Task instructions
Set down word for word each line from the one containing "Men Polo Neck T-Shirt Charcoal Grey" through the end of the records, both included. Do not copy any pictures.

□ □ □

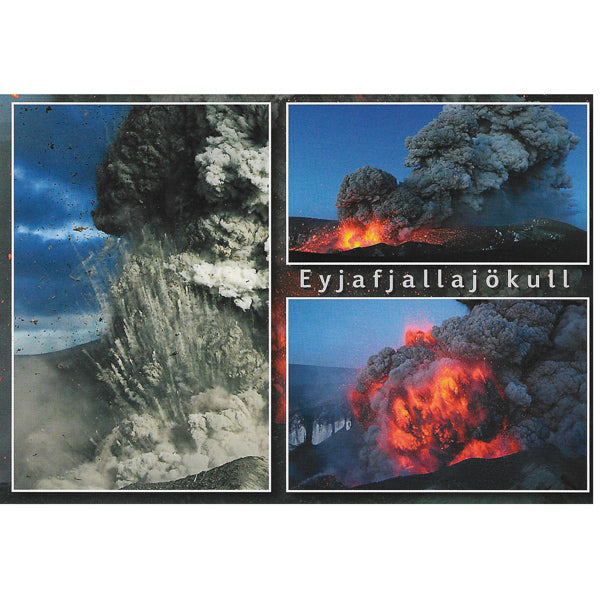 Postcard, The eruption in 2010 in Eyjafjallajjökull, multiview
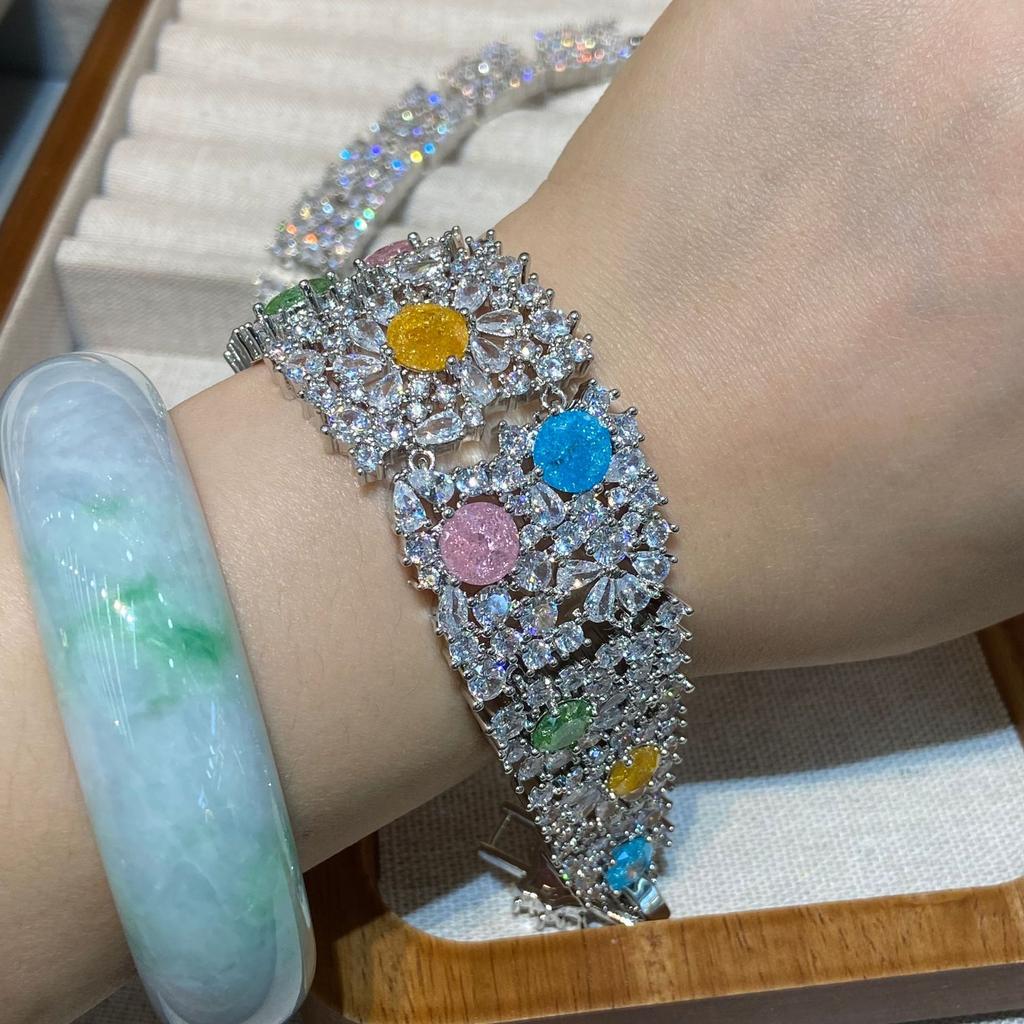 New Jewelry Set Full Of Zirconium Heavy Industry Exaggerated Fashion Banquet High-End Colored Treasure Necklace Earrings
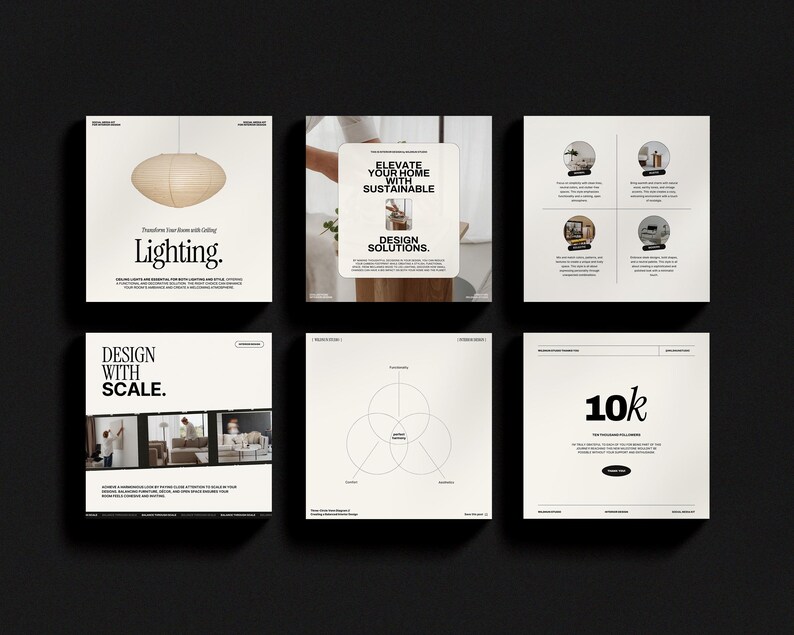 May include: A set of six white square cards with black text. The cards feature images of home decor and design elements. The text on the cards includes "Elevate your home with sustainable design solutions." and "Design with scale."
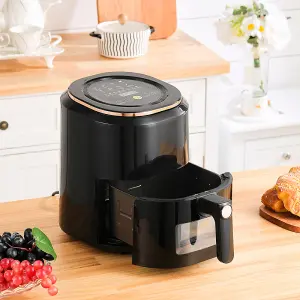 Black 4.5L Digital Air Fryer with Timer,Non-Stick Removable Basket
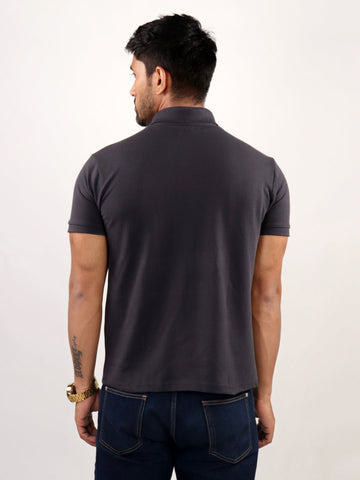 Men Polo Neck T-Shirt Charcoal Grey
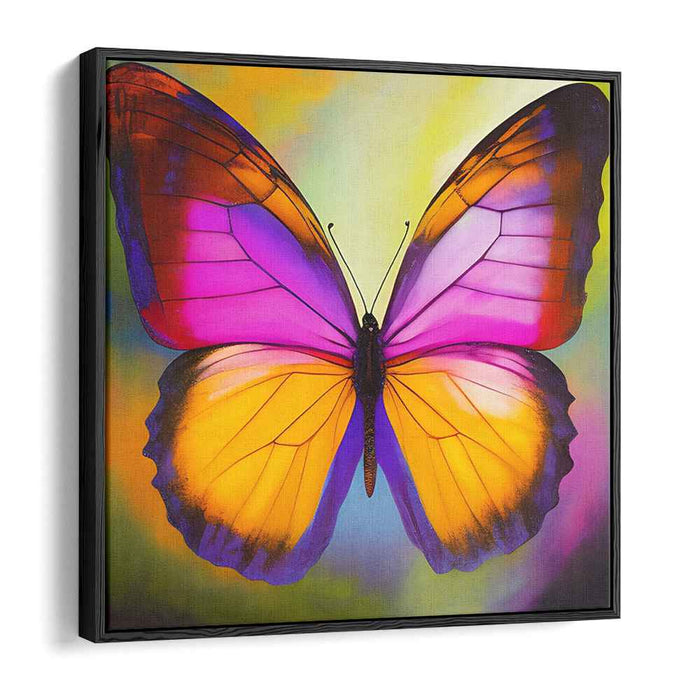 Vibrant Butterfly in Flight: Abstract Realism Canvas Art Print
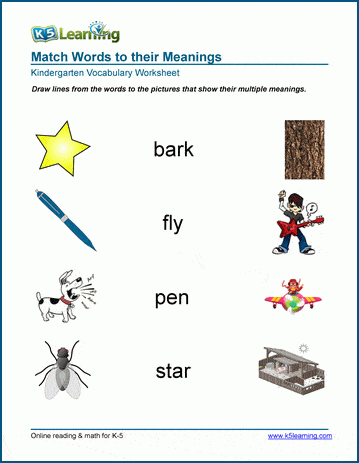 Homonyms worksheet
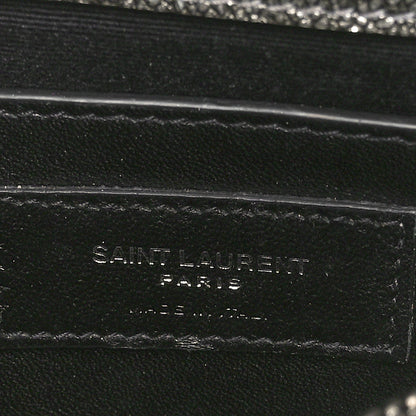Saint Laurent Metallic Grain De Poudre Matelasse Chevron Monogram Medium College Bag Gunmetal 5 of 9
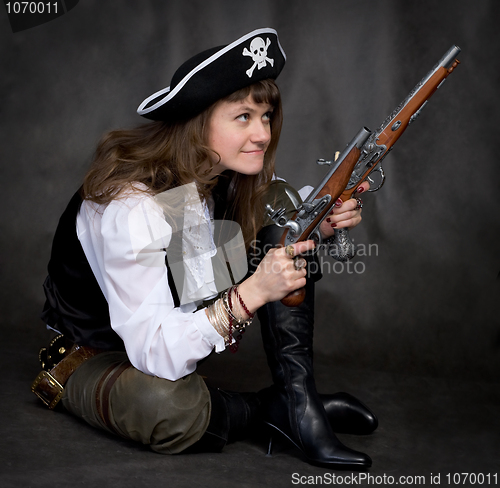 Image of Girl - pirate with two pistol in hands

□ □ □

Written answer
 Men Polo Neck T-Shirt Charcoal Grey
 Vibrant Butterfly in Flight: Abstract Realism Canvas Art Print
 Homonyms worksheet
Saint Laurent Metallic Grain De Poudre Matelasse Chevron Monogram Medium College Bag Gunmetal 5 of 9
 Image of Girl - pirate with two pistol in hands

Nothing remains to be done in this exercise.